→ What the task asks
Beneath this instruction is a block of data; output from it exactly the lines that run from the one containing "SINGELEWOHNUNG IM ZENTRUM VON WR. NEUSTADT" through the one containing "RT5572 300Mbps การ์ดเครือข่าย", inclusive.
--
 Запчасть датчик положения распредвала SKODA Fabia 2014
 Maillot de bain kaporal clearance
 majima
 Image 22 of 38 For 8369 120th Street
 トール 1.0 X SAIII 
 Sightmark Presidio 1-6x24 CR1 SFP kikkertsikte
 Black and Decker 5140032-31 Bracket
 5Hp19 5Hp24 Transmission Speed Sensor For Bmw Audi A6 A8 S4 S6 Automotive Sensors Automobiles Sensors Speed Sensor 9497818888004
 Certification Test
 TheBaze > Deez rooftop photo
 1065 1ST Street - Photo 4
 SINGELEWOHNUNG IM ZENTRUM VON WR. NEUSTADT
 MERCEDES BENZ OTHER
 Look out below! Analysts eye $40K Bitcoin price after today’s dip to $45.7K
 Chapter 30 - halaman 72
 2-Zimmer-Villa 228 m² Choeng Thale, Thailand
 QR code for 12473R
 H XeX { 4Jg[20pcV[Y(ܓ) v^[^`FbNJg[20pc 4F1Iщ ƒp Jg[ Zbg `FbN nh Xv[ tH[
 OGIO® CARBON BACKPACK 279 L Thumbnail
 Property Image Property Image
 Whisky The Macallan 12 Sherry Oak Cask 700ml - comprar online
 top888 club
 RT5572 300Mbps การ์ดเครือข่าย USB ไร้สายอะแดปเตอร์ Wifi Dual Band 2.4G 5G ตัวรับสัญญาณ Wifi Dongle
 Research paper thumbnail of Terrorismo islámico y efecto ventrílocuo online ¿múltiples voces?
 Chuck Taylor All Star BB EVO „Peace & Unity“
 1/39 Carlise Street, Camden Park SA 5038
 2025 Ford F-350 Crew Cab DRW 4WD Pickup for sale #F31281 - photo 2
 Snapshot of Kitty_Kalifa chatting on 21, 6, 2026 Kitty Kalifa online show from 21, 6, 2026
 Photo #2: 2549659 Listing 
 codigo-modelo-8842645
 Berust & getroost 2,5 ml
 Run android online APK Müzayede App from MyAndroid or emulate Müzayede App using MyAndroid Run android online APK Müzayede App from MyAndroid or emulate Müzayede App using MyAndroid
--
→ Task response
 SINGELEWOHNUNG IM ZENTRUM VON WR. NEUSTADT
 MERCEDES BENZ OTHER
 Look out below! Analysts eye $40K Bitcoin price after today’s dip to $45.7K
 Chapter 30 - halaman 72
 2-Zimmer-Villa 228 m² Choeng Thale, Thailand
 QR code for 12473R
 H XeX { 4Jg[20pcV[Y(ܓ) v^[^`FbNJg[20pc 4F1Iщ ƒp Jg[ Zbg `FbN nh Xv[ tH[
 OGIO® CARBON BACKPACK 279 L Thumbnail
 Property Image Property Image
 Whisky The Macallan 12 Sherry Oak Cask 700ml - comprar online
 top888 club
 RT5572 300Mbps การ์ดเครือข่าย USB ไร้สายอะแดปเตอร์ Wifi Dual Band 2.4G 5G ตัวรับสัญญาณ Wifi Dongle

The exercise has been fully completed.